Data extract »
——————————
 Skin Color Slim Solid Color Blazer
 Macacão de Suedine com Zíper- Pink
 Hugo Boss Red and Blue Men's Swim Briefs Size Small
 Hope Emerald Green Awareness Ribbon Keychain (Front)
——————————
What this task involves »
From the line containing "Macacão de Suedine com Zíper- Pink" to the final line of the data, repeat each line exactly. Include both ends.

Your response »
 Macacão de Suedine com Zíper- Pink
 Hugo Boss Red and Blue Men's Swim Briefs Size Small
 Hope Emerald Green Awareness Ribbon Keychain (Front)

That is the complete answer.